:: EXCERPTED RECORDS ::

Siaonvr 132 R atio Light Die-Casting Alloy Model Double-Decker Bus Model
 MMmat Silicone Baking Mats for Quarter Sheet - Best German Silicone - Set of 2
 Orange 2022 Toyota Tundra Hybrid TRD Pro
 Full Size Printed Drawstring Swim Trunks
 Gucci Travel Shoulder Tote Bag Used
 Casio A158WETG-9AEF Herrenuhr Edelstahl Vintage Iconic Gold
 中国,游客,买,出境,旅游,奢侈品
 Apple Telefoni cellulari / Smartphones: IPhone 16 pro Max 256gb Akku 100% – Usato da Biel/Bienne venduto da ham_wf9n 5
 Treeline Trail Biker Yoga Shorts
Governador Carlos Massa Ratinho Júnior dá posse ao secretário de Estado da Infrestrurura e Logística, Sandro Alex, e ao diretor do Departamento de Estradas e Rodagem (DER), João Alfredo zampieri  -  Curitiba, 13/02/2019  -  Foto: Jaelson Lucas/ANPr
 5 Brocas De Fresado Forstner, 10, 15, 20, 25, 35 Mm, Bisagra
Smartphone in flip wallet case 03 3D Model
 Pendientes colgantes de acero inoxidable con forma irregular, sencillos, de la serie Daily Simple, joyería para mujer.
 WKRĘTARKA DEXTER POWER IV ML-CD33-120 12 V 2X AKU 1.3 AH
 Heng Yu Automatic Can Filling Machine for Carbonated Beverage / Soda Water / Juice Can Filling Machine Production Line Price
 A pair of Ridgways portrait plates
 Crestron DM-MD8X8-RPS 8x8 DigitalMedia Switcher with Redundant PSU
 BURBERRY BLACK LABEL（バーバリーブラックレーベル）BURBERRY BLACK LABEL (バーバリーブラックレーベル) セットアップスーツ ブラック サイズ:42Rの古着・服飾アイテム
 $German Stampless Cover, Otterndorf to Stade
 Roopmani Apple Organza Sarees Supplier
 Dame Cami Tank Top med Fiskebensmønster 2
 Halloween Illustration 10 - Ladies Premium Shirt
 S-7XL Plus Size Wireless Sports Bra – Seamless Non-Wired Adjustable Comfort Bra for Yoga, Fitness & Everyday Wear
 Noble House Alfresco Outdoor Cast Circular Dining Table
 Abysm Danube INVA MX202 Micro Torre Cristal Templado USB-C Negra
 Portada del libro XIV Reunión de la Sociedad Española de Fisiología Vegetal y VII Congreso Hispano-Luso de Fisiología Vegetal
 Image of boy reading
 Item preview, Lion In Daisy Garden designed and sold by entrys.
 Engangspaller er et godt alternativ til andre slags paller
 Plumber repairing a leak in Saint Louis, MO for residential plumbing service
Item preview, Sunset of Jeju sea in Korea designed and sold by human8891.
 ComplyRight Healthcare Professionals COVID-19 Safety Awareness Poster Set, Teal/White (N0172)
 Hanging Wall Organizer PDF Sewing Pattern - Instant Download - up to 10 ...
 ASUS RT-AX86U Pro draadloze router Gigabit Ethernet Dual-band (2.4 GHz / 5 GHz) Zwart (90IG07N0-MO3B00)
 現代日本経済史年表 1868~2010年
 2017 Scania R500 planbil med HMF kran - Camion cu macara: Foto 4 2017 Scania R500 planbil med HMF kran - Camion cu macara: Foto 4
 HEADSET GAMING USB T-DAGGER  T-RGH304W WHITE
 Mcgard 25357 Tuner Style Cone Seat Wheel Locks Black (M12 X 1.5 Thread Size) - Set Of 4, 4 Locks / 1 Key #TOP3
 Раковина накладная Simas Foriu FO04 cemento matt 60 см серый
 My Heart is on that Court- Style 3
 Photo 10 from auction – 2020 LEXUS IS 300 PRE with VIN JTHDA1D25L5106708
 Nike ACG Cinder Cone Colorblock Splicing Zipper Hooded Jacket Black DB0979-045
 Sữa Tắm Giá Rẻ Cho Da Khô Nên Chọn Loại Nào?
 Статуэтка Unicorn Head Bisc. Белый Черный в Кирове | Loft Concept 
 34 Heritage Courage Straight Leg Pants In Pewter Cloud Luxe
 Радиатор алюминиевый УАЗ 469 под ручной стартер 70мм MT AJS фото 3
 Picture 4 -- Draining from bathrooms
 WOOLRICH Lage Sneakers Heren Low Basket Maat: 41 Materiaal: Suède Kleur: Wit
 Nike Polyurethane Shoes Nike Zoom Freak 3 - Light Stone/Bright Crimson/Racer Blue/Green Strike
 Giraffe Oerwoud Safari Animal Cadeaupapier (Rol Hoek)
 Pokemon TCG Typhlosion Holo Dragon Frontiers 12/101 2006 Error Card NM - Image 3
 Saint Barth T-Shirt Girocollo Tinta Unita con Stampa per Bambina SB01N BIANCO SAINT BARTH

:::

▶ **ASSIGNED TASK**
Gather each line in the entries above where the string "Size" is found.

▶ **RESPONSE**
 Full Size Printed Drawstring Swim Trunks
 S-7XL Plus Size Wireless Sports Bra – Seamless Non-Wired Adjustable Comfort Bra for Yoga, Fitness & Everyday Wear
 Mcgard 25357 Tuner Style Cone Seat Wheel Locks Black (M12 X 1.5 Thread Size) - Set Of 4, 4 Locks / 1 Key #TOP3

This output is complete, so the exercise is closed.